Task description: Read the records below and copy each line that contains "einfach".

Dataset:
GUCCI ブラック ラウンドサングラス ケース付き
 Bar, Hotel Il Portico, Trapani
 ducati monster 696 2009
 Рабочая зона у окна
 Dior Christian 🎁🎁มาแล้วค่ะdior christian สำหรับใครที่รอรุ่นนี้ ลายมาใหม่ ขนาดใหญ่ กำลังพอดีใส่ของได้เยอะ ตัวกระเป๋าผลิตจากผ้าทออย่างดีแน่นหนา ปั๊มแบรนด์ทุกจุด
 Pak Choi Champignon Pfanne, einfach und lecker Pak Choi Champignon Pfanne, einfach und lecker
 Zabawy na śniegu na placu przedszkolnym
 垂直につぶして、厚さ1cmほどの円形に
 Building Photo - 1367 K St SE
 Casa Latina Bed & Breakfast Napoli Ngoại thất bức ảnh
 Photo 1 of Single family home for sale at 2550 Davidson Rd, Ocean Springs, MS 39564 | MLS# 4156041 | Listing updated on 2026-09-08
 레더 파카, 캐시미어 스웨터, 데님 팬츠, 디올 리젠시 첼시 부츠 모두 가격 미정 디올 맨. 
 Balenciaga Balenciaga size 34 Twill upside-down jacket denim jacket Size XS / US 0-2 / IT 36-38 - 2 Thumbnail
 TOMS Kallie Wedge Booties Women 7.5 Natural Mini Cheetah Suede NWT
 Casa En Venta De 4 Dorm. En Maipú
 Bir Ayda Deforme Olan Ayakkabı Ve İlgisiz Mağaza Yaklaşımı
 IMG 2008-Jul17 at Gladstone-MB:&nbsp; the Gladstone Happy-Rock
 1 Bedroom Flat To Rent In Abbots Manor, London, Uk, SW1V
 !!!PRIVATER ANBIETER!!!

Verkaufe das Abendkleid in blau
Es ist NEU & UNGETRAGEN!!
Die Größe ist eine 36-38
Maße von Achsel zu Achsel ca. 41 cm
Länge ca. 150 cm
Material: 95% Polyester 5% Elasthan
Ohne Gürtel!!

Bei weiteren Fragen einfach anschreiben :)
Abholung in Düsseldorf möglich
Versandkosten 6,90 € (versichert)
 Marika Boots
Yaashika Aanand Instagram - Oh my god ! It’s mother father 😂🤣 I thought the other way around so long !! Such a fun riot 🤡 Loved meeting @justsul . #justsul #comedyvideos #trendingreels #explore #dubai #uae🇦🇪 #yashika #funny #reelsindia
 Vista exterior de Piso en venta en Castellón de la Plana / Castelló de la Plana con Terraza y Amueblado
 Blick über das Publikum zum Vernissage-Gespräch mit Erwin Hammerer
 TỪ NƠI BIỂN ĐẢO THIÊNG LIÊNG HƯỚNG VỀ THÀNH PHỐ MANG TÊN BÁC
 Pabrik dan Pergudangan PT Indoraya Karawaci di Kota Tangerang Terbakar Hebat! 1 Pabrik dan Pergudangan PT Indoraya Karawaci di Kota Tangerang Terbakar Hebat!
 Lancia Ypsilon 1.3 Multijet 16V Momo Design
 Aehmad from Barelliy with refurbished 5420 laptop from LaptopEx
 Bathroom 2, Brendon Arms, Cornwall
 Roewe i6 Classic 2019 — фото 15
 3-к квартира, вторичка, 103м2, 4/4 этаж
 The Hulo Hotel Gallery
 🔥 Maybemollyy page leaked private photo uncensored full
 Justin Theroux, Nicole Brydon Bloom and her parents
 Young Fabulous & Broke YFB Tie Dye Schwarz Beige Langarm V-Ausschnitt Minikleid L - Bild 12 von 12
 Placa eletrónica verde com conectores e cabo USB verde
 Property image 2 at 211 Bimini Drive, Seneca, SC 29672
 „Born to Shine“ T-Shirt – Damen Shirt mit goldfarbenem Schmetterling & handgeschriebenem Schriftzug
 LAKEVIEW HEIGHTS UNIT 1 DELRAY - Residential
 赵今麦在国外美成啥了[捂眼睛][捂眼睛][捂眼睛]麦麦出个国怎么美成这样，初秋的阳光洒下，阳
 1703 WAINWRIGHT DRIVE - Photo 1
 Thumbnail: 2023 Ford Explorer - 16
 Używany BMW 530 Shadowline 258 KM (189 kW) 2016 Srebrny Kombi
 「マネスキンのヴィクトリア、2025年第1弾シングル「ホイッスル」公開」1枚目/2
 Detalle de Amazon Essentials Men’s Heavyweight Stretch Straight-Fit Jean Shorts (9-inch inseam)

Output of the task:
 Pak Choi Champignon Pfanne, einfach und lecker Pak Choi Champignon Pfanne, einfach und lecker
Bei weiteren Fragen einfach anschreiben :)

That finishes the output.